We can separate the replacement from prefixing and run it from db_rewrite_sql and the rewritten queries surely won't be in the mapping so the second run does not hurt anyone. If you develop, then you can adjust your mapping, too. There are other things that are a bit more cumbersome for developers than ordinary users.

chx’s picture

Status: Needs review » Closed (won't fix)

[davidstrauss] chx: Also, one more solution. I think you'll like this one. User searches make two passes. The first looks with "=" and the second uses the current, slow LOWER() method. The first query will *always* find the user in MySQL, but the fallback would be elegant and DB-independent.

ivansb@drupal.org’s picture

Priority: Critical » Minor

Such kind of line won't surely improve the situation:

if (substr($db_type, 0, 5) != 'mysql' && ($replacements = module_invoke($module, 'db_query_replacements', $db_type)) {

what about something like:

if (substr($db_type, 0, 11) != 'myveryowndb' && ($replacements = module_invoke($module, 'db_query_replacements', $db_type)) {

can't you see it won't lower the bar for anyone other than mysql developers? This is an excuse to write not portable code (or with huge performance impact on other db) for all mysql developers. After all everyone else can still use the backdoor... isn't it?[*]
Then we see resistence for absolutely "eco-sustainable" patches (just the cost of an "empty" function call in mysql case) to support Oracle, MS SQL and DB2 (LOB). But no shame trying to push a mysql centric patch.

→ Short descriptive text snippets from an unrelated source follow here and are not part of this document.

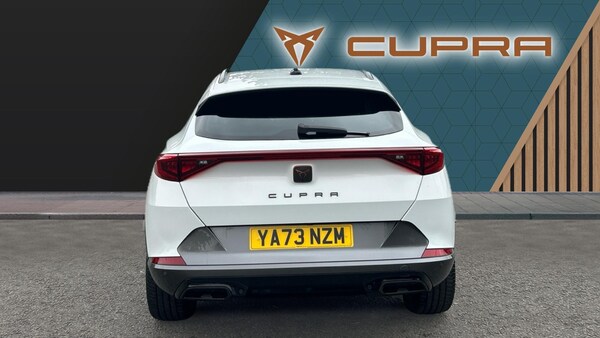 Used Cupra Formentor 2023 for sale - 76289154: Photo 8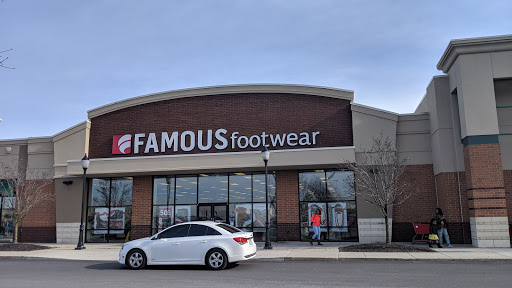 Shoe Store «Famous Footwear», reviews and photos, 7620 Voice of America Centre Dr, West Chester Township, OH 45069, USA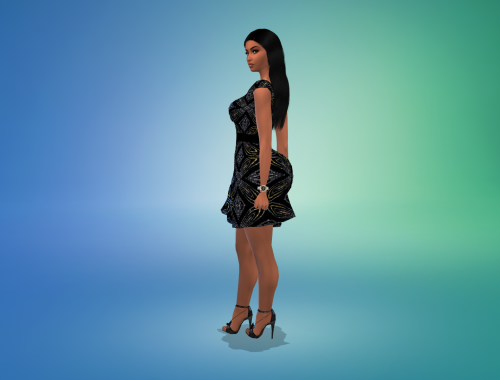 Aurora Alexis Stevenson & The "OUTSTANDING V2" Body Preset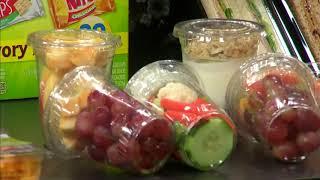 Grab 'N Go Snack Options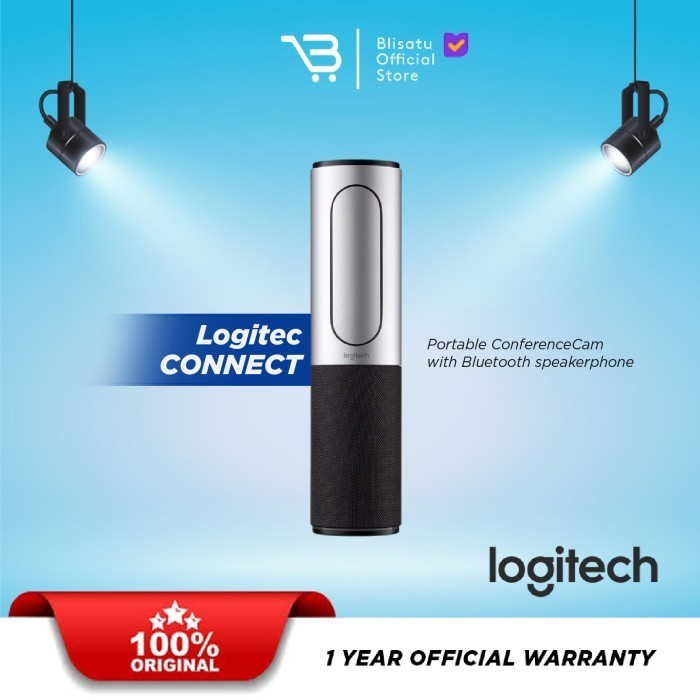 Logitech Connect Portable Conference Camera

This kind of solutions aren't going to improve the design and prepare a path to real DB agnosticism.

Furthermore it is not a matter of mysql vs. pgsql. It is a problem of DB abstraction that is not A vs. everything else. And there will always exists, at least this is my hope, more than one DB, not just mysql conquering the world vs. everything else and we are not a DB vendor trying to push one DB in particular. If you ever had the chance to integrate Drupal with some other backend that's not just a web site you'd know there are people that can't use MySQL or wouldn't use it even with a long stick.
I'm perfectly aware that MySQL is the DB for the masses, for "web developement" as "everybody" know it. But well not everybody is "everybody" and I wouldn't underestimate the chances of seeing Drupal in the so called "enterprise" world were there are very few chances our "competitor" will reach us.
Anyway your code reflect your view much more than everything else you wrote on the subject.

This is a technical problem:

  1. It is common interest to support more than one DB, and this is an architectural choiche that is deeper than an if != mysql
  2. There is no interest because supporting more than one DB doesn't pay off

Pretending to chose 1) but doing everything in the direction of 2) is an architectural suicide and a waste of the already few resources trying to follow 1) [*].
The schema api does look to be in a much better direction.

If you ever read anything about SPI design you'd know that thinking in term of 2 "plug-ins" is evil. How can it be better to think in terms of support of 1.5 DB?
This kind of aproach will come to hunt you at night once you'll really have to port drupal to more than one DB.
There is no quick solution to DB abstraction.

People that really took the effort to port Drupal to other DB should be the reference for further developement. Some of those people actually ported Drupal to more than 1.5 DB and they really know the issues you'll encounter if you plan for 1.5 DB.

david strauss’s picture

ivanSB: Dude, "won't fix" means this issue is already dead.